Opinion
72507.
DECIDED JULY 16, 1986.
Aggravated assault, etc. Fulton Superior Court. Before Judge Tanksley, Senior Judge.
L. James Weil, Jr., for appellant.
Lewis R. Slaton, District Attorney, Joseph J. Drolet, Benjamin H. Oehlert III, J. Russell Mayer, Assistant District Attorneys, for appellee.
Bell appeals from his conviction of carrying a concealed weapon, carrying a pistol without a license and aggravated assault on a police officer in the performance of his official duties.

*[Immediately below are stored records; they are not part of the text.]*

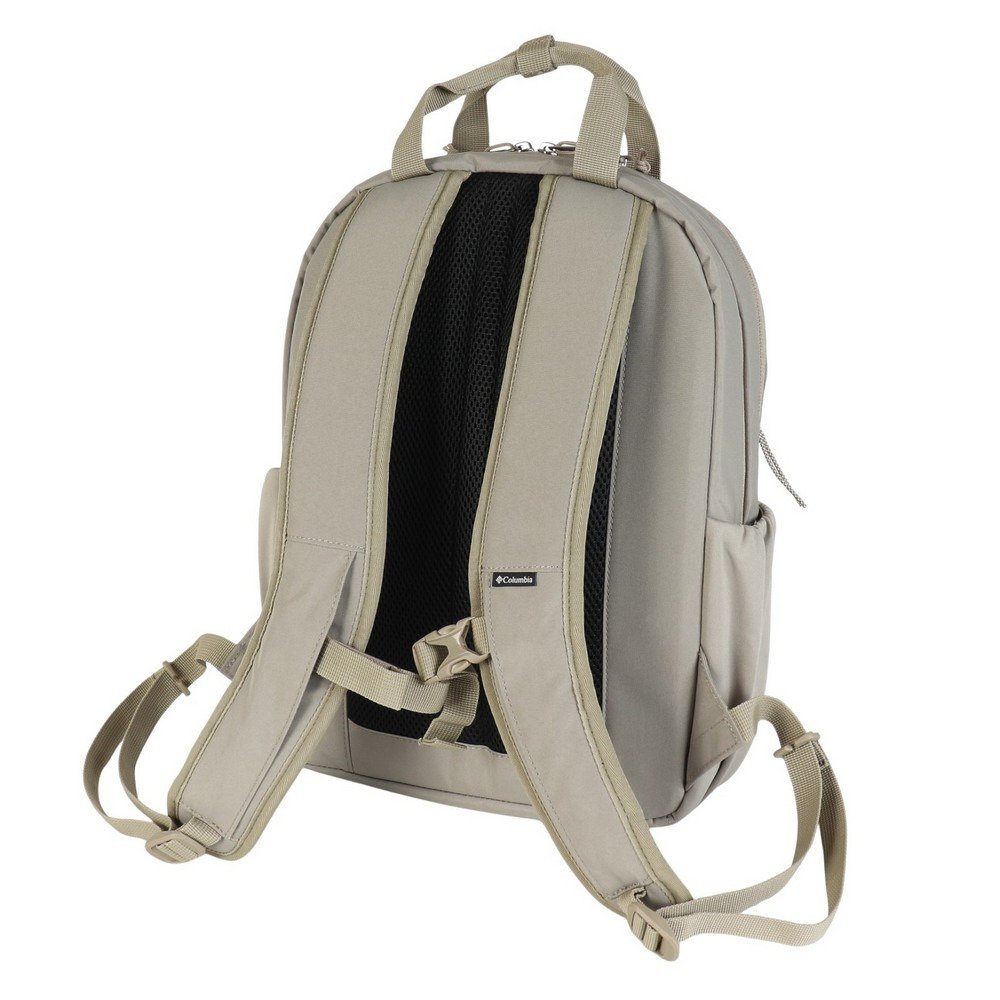 バッグ リュック サニーサイドパーク バックパック 16L PU7267 221 2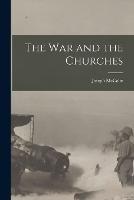 The War and the Churches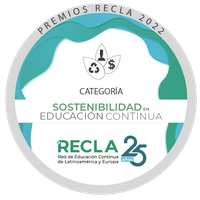 Imagen de la credencial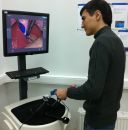 Руслан Касенбаев фотография #44 (источник - https://vk.com/id1756749)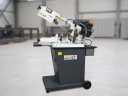 Ленточнопильный станок Metal Master BSM-128HDRC 220V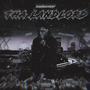 Tha Landlord (Explicit)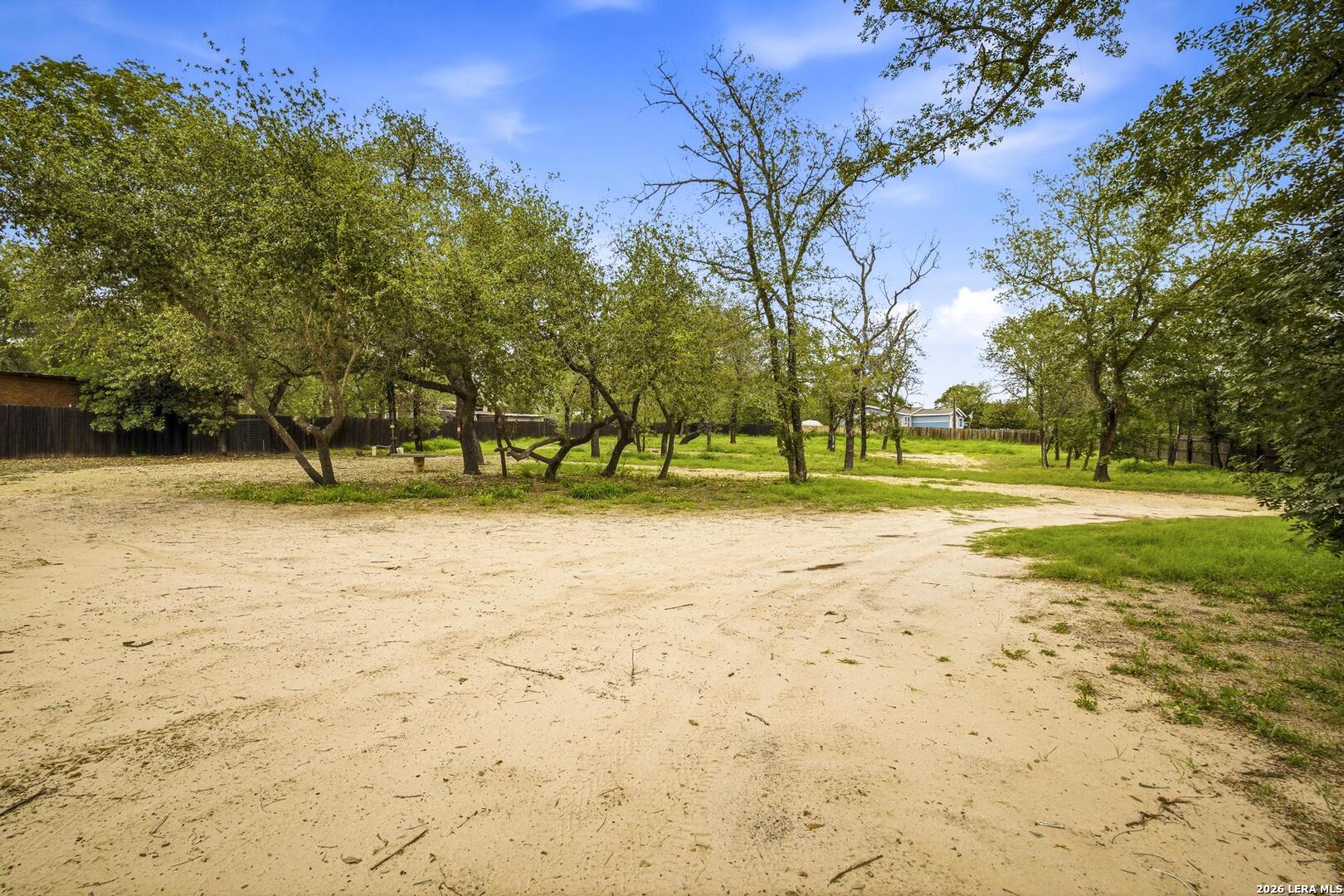 24008 Tumbleweed Lane San Antonio TX 78264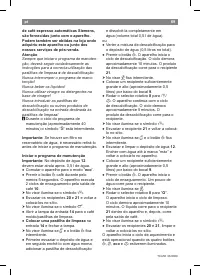 Страница 71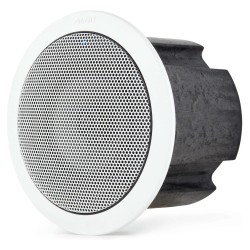 ALGO 8198 IP POE+ CEILING SPEAKER — Buy in Cyprus with Fast Delivery
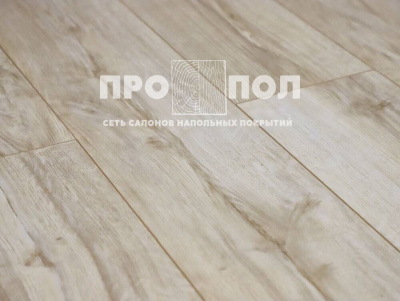 Ламинат Kronopol Modern Strong V  D4914SO Дуб Пино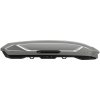 THULE MOTION 3 XXL TITAN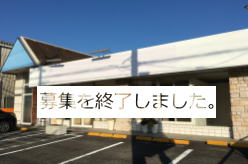 �����C���[�W01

1. Appellant contends the evidence is not sufficient to support the verdict. About 11:00 p. m. a police officer stopped appellant and his brother, who were standing on a street corner, because they matched the description of two men who had been acting suspiciously in a grocery store a few minutes earlier. When the officer asked for identification appellant reached into a shaving kit he was carrying and started to pull out a loaded .22 calibre revolver. The officer was shining a flashlight into the kit and saw appellant's finger on the trigger, so the officer grabbed the kit and a struggle ensued. The officer succeeded in getting the kit away from appellant with the gun still in it, and appellant and his brother were then taken into custody.
Appellant testified and admitted that he was carrying a loaded, concealed weapon without a permit, but denied reaching for the gun or starting to remove it from the kit. Appellant testified that he reached into the kit to get his wallet after the officer asked for identification. The officer testified that appellant's wallet was in his rear pocket.
We find the evidence sufficient to meet the standard of proof required by Jackson v. Virginia, 443 U.S. 307 (99 SC 2781, 61 L.Ed.2d 560). Accordingly, it was not error to deny appellant's motion for a directed verdict of acquittal on the charge of aggravated assault on a peace officer in the execution of his duties, which appellant contends in a separate enumeration was error. Humphrey v. State, 252 Ga. 525, 527 (1) ( 314 S.E.2d 436) (1984).
2. Appellant contends the trial court erred by denying his motion to suppress evidence of the gun because the police officer's actions amounted to more than a brief investigatory stop. This enumeration of error is without merit.
A police officer is allowed to make a brief investigatory stop of a person if the officer has a reasonable, articulable suspicion of unlawful activity. Terry v. Ohio, 392 U.S. 1 ( 88 SC 1868, 20 L.Ed.2d 889). Here, the officer had been advised that two persons fitting the description of appellant and his brother had acted suspiciously in a grocery store a few minutes earlier, causing the manager to believe that a robbery might be committed. Thus, the officer was justified in asking appellant and his brother for identification. When appellant started to pull a loaded revolver out of his shaving kit instead of providing identification, the officer was authorized to seize the weapon for his own protection, since officers are not required to take unnecessary risks in the performance of their duties. Id. A trial court's decision on questions of fact and credibility of witnesses at a suppression hearing must be accepted unless clearly erroneous, Pittman v. State, 162 Ga. App. 51, 52 (2) ( 289 S.E.2d 531) (1982), and we find no error here.
Judgment affirmed. Banke, C. J., and Birdsong, P. J., concur.